━━━━━ Given records

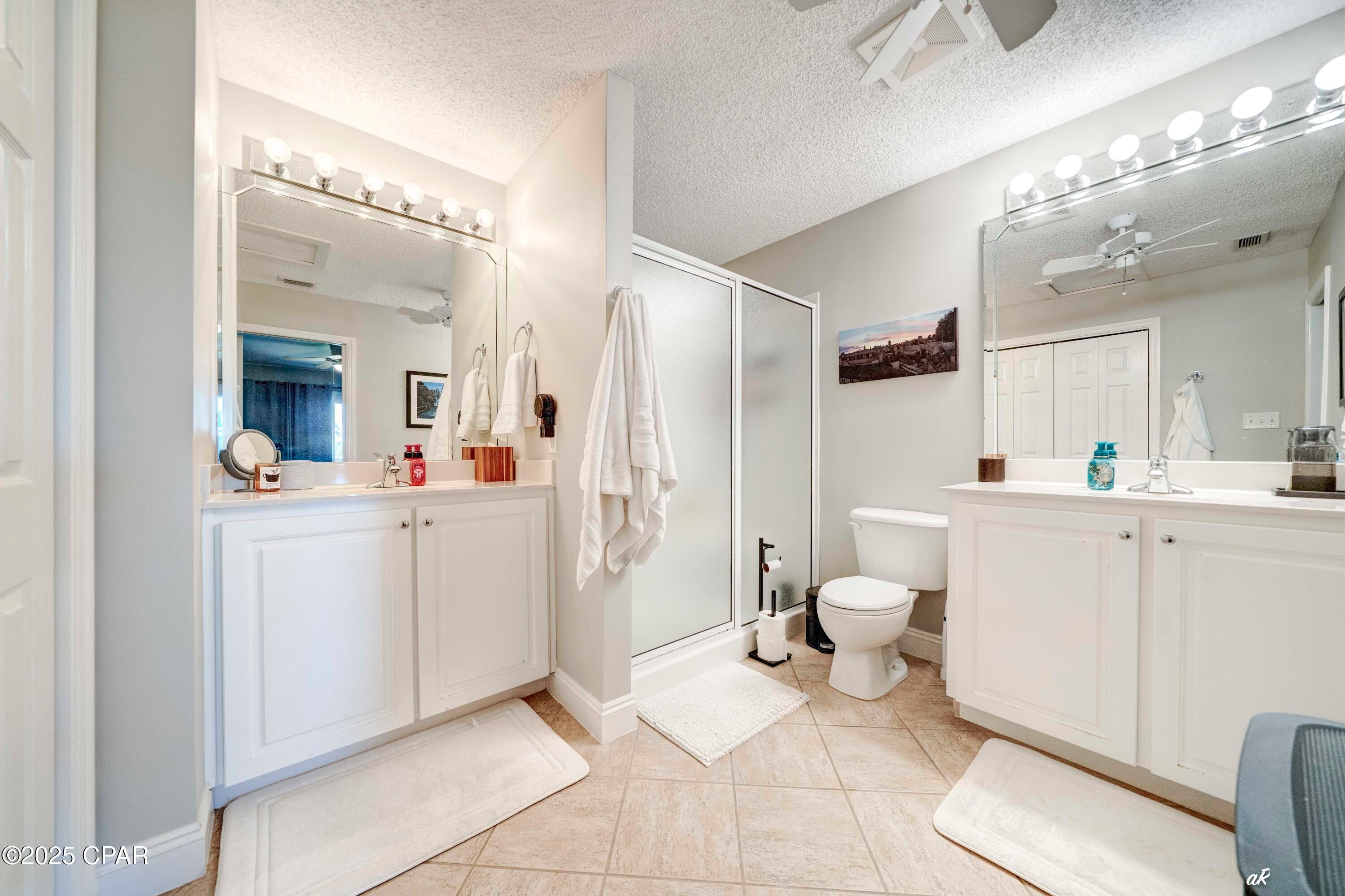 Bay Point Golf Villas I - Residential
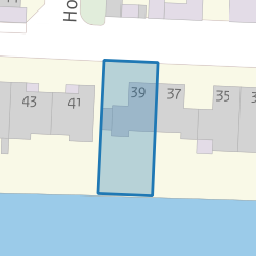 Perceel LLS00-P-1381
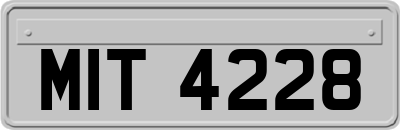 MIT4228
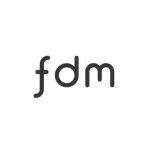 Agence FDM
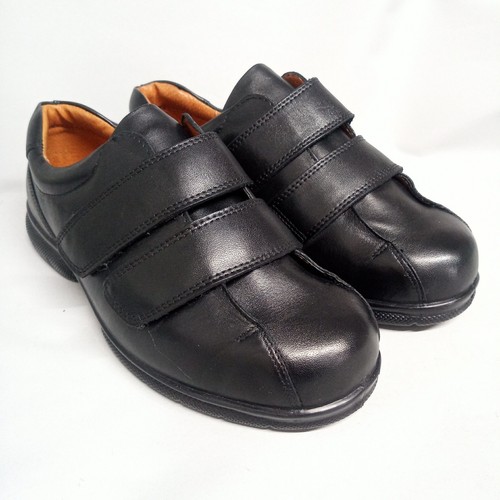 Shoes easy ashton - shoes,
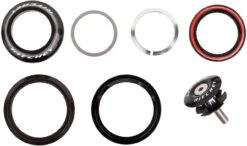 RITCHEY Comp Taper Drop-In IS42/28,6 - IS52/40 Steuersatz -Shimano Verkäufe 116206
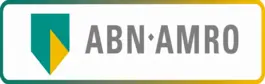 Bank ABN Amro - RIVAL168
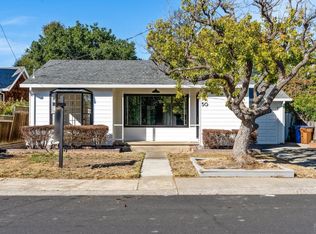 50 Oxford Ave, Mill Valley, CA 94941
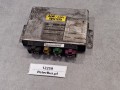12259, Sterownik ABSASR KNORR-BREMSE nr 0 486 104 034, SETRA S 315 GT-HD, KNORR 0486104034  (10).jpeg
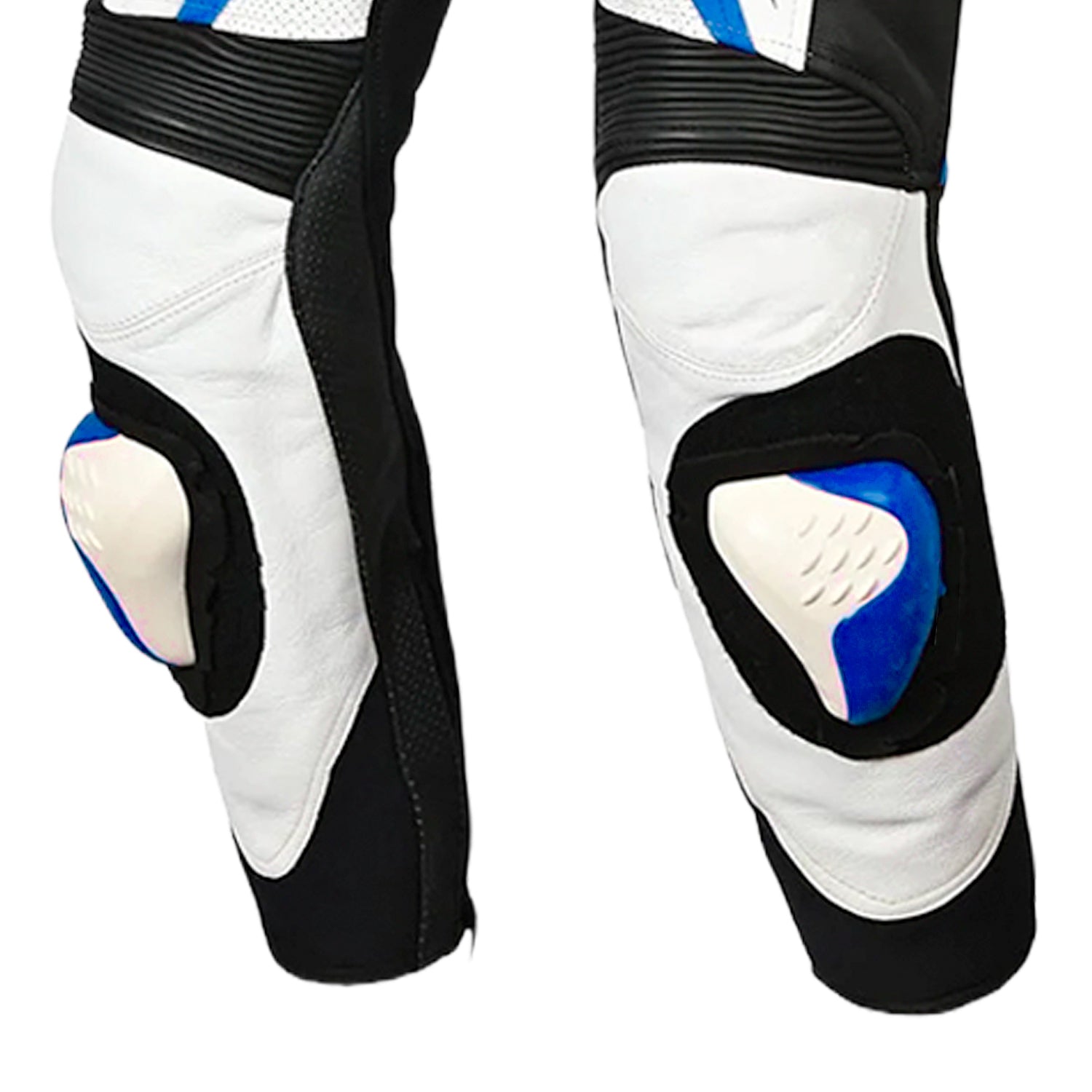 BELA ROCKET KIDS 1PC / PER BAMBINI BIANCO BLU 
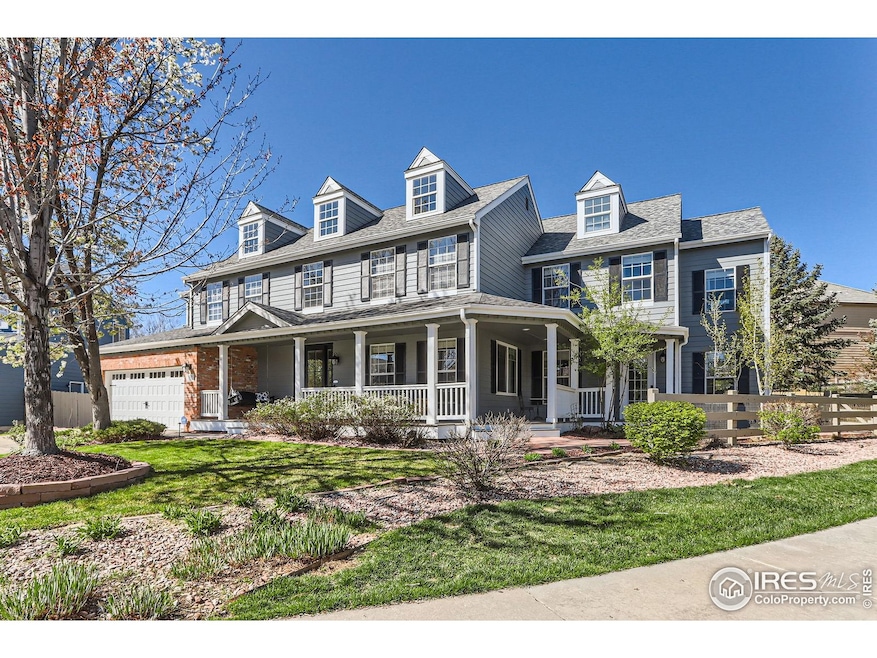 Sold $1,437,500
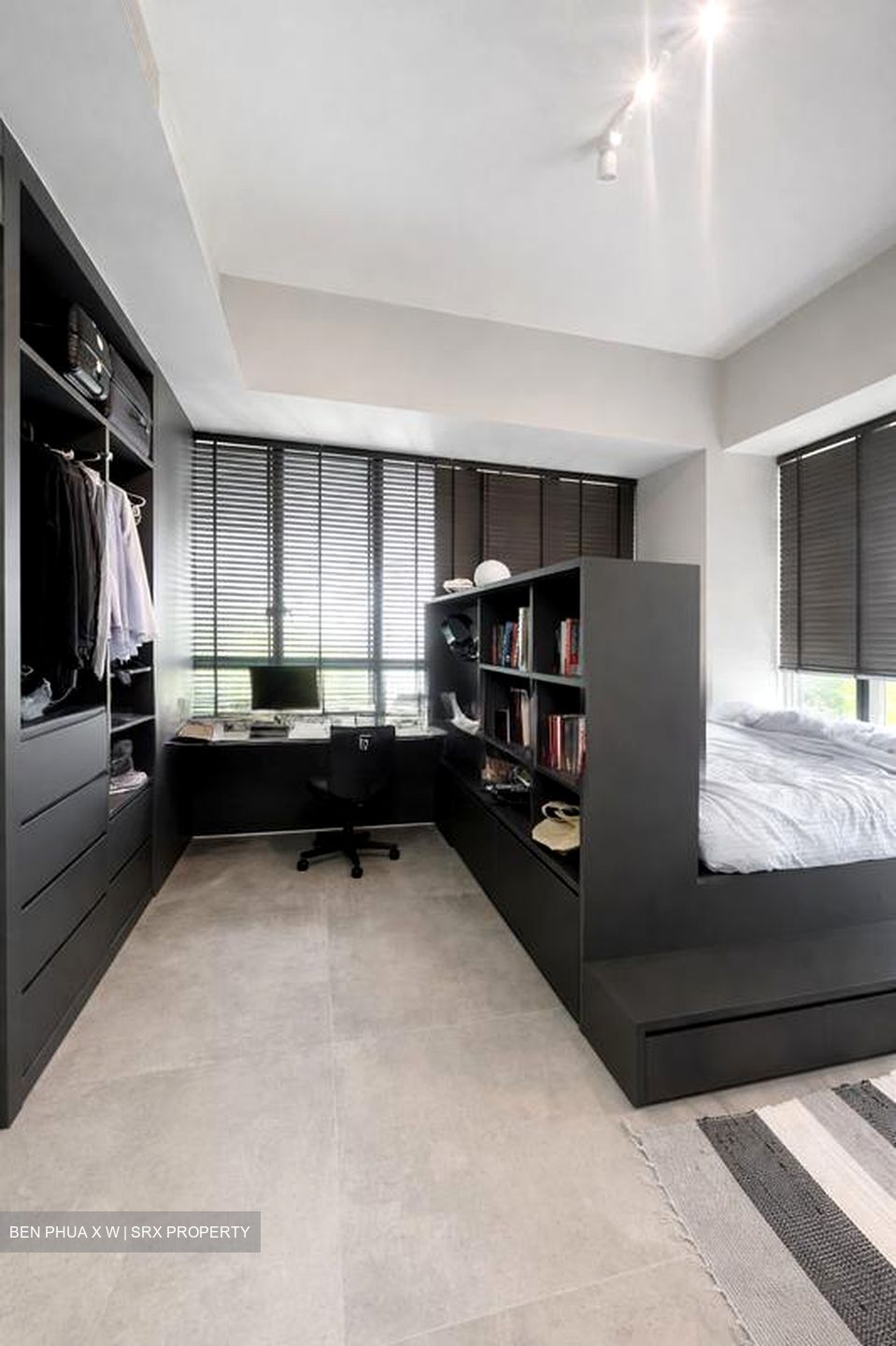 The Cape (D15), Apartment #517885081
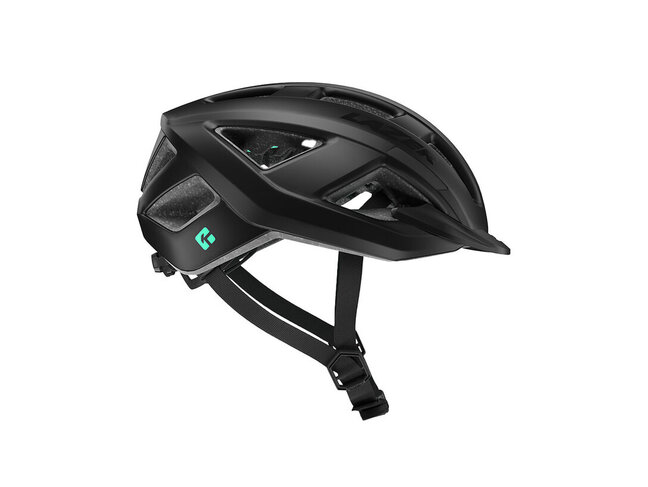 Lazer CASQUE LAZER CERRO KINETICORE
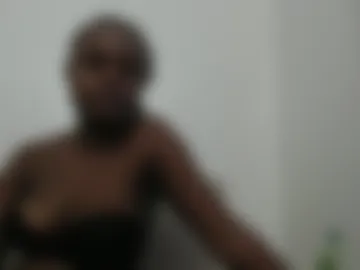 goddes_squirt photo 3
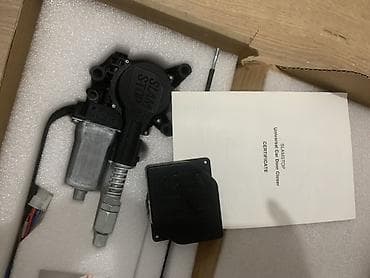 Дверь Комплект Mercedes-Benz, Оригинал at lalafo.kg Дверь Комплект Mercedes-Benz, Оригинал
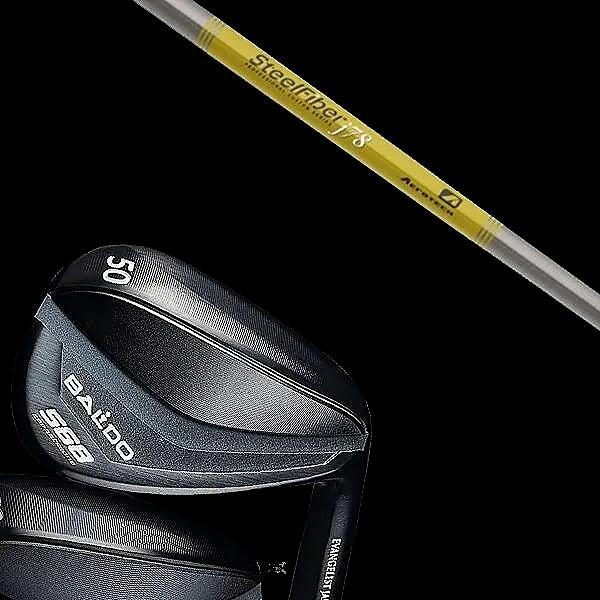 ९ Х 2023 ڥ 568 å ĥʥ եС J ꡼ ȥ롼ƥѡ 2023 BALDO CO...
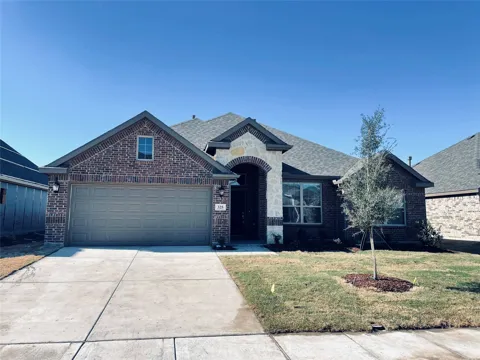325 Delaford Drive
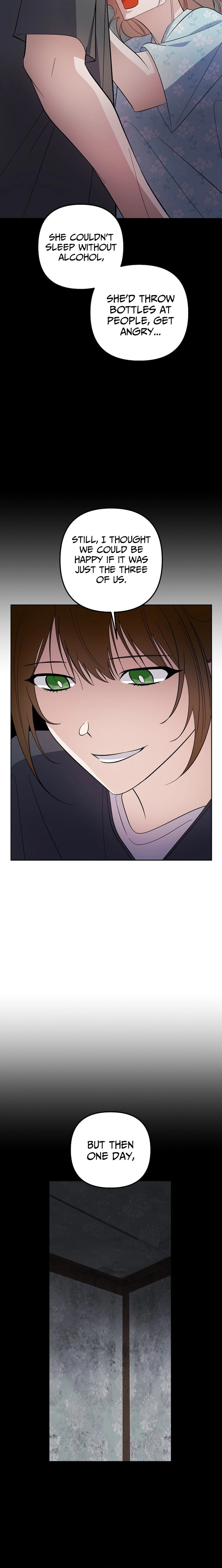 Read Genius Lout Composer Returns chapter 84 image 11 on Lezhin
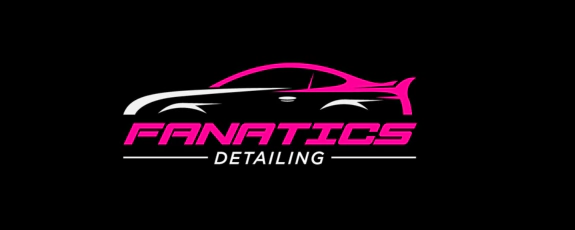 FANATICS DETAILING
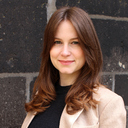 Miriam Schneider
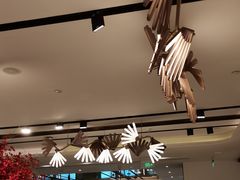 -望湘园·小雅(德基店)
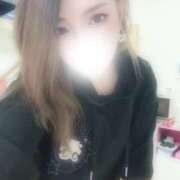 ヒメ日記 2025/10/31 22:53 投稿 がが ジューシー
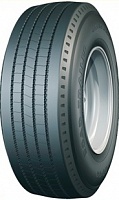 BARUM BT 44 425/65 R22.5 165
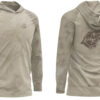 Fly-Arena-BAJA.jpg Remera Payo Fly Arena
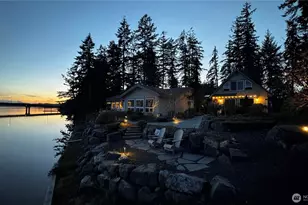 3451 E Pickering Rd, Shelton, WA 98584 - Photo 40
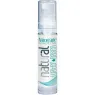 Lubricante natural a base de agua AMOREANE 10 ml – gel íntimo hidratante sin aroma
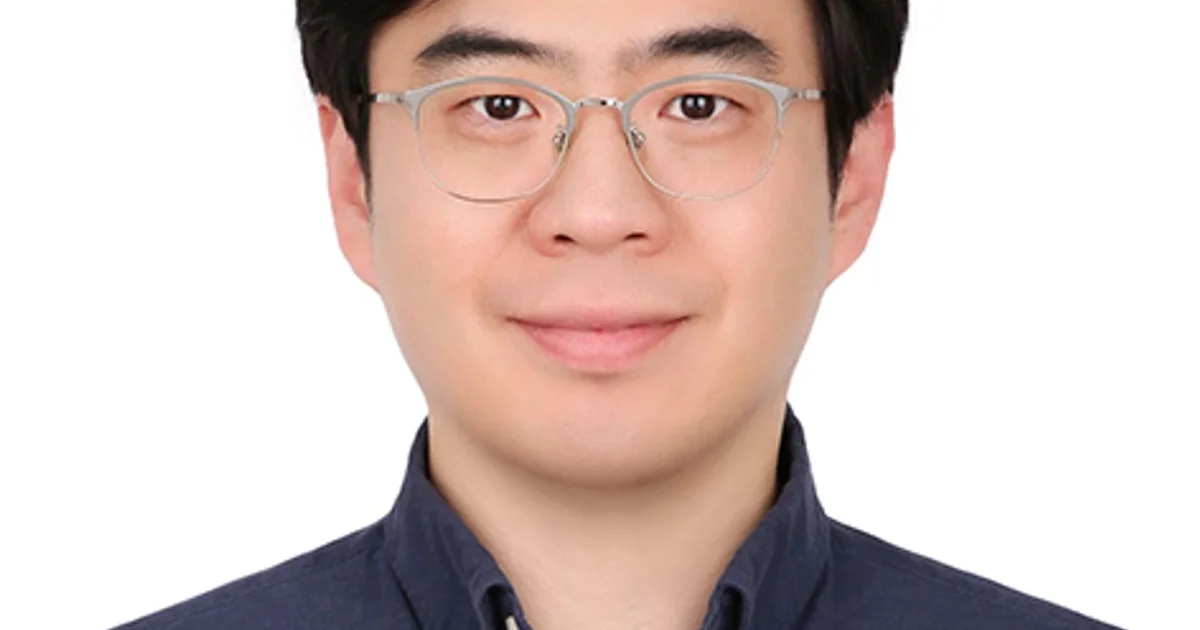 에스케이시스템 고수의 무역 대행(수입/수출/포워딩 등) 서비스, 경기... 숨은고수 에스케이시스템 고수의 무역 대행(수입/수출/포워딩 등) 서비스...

━━━━━━━━━━

- **Directions for this task**
The response should repeat every entry above exactly and include none of the pictures.

- **Answer to the problem**
 Bay Point Golf Villas I - Residential
 Perceel LLS00-P-1381
 MIT4228
 Agence FDM
 Shoes easy ashton - shoes,
 RITCHEY Comp Taper Drop-In IS42/28,6 - IS52/40 Steuersatz -Shimano Verkäufe 116206
 Bank ABN Amro - RIVAL168
 50 Oxford Ave, Mill Valley, CA 94941
12259, Sterownik ABSASR KNORR-BREMSE nr 0 486 104 034, SETRA S 315 GT-HD, KNORR 0486104034  (10).jpeg
 BELA ROCKET KIDS 1PC / PER BAMBINI BIANCO BLU 
 Sold $1,437,500
 The Cape (D15), Apartment #517885081
 Lazer CASQUE LAZER CERRO KINETICORE
 goddes_squirt photo 3
 Дверь Комплект Mercedes-Benz, Оригинал at lalafo.kg Дверь Комплект Mercedes-Benz, Оригинал
 ९ Х 2023 ڥ 568 å ĥʥ եС J ꡼ ȥ롼ƥѡ 2023 BALDO CO...
325 Delaford Drive
 Read Genius Lout Composer Returns chapter 84 image 11 on Lezhin
 FANATICS DETAILING
 Miriam Schneider
 -望湘园·小雅(德基店)
 ヒメ日記 2025/10/31 22:53 投稿 がが ジューシー
 BARUM BT 44 425/65 R22.5 165
 Fly-Arena-BAJA.jpg Remera Payo Fly Arena
 3451 E Pickering Rd, Shelton, WA 98584 - Photo 40
 Lubricante natural a base de agua AMOREANE 10 ml – gel íntimo hidratante sin aroma
 에스케이시스템 고수의 무역 대행(수입/수출/포워딩 등) 서비스, 경기... 숨은고수 에스케이시스템 고수의 무역 대행(수입/수출/포워딩 등) 서비스...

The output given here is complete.